Material for the task:

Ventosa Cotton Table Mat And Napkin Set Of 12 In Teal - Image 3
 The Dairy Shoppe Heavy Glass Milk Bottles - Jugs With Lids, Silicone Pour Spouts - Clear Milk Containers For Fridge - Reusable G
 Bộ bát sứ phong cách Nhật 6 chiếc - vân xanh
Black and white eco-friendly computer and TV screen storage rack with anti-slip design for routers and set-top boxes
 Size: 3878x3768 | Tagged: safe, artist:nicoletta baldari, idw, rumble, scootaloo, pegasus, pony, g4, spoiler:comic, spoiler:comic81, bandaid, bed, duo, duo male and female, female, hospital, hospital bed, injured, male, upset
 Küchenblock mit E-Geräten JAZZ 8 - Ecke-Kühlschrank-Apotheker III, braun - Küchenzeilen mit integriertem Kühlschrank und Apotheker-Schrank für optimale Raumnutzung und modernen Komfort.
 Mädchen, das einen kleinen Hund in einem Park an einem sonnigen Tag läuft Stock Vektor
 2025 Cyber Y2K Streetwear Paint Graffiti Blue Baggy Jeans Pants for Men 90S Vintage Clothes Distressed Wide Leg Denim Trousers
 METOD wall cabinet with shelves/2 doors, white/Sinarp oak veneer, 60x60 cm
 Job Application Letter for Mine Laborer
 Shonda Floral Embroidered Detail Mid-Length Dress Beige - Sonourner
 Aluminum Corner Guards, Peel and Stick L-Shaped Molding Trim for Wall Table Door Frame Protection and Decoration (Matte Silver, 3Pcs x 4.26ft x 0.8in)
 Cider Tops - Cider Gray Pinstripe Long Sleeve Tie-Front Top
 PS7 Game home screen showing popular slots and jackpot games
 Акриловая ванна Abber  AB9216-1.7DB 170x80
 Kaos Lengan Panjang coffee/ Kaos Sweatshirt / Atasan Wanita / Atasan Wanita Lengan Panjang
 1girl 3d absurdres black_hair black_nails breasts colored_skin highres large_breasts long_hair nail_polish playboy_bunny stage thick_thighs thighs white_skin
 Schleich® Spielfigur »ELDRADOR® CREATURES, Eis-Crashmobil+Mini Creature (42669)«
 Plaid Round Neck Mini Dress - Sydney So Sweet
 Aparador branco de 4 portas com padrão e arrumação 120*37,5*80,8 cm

What needs to be done: Your answer must be the records themselves, output again exactly.

Answer box:
Ventosa Cotton Table Mat And Napkin Set Of 12 In Teal - Image 3
 The Dairy Shoppe Heavy Glass Milk Bottles - Jugs With Lids, Silicone Pour Spouts - Clear Milk Containers For Fridge - Reusable G
 Bộ bát sứ phong cách Nhật 6 chiếc - vân xanh
Black and white eco-friendly computer and TV screen storage rack with anti-slip design for routers and set-top boxes
 Size: 3878x3768 | Tagged: safe, artist:nicoletta baldari, idw, rumble, scootaloo, pegasus, pony, g4, spoiler:comic, spoiler:comic81, bandaid, bed, duo, duo male and female, female, hospital, hospital bed, injured, male, upset
 Küchenblock mit E-Geräten JAZZ 8 - Ecke-Kühlschrank-Apotheker III, braun - Küchenzeilen mit integriertem Kühlschrank und Apotheker-Schrank für optimale Raumnutzung und modernen Komfort.
 Mädchen, das einen kleinen Hund in einem Park an einem sonnigen Tag läuft Stock Vektor
 2025 Cyber Y2K Streetwear Paint Graffiti Blue Baggy Jeans Pants for Men 90S Vintage Clothes Distressed Wide Leg Denim Trousers
 METOD wall cabinet with shelves/2 doors, white/Sinarp oak veneer, 60x60 cm
 Job Application Letter for Mine Laborer
 Shonda Floral Embroidered Detail Mid-Length Dress Beige - Sonourner
 Aluminum Corner Guards, Peel and Stick L-Shaped Molding Trim for Wall Table Door Frame Protection and Decoration (Matte Silver, 3Pcs x 4.26ft x 0.8in)
 Cider Tops - Cider Gray Pinstripe Long Sleeve Tie-Front Top
 PS7 Game home screen showing popular slots and jackpot games
 Акриловая ванна Abber  AB9216-1.7DB 170x80
 Kaos Lengan Panjang coffee/ Kaos Sweatshirt / Atasan Wanita / Atasan Wanita Lengan Panjang
 1girl 3d absurdres black_hair black_nails breasts colored_skin highres large_breasts long_hair nail_polish playboy_bunny stage thick_thighs thighs white_skin
 Schleich® Spielfigur »ELDRADOR® CREATURES, Eis-Crashmobil+Mini Creature (42669)«
 Plaid Round Neck Mini Dress - Sydney So Sweet
 Aparador branco de 4 portas com padrão e arrumação 120*37,5*80,8 cm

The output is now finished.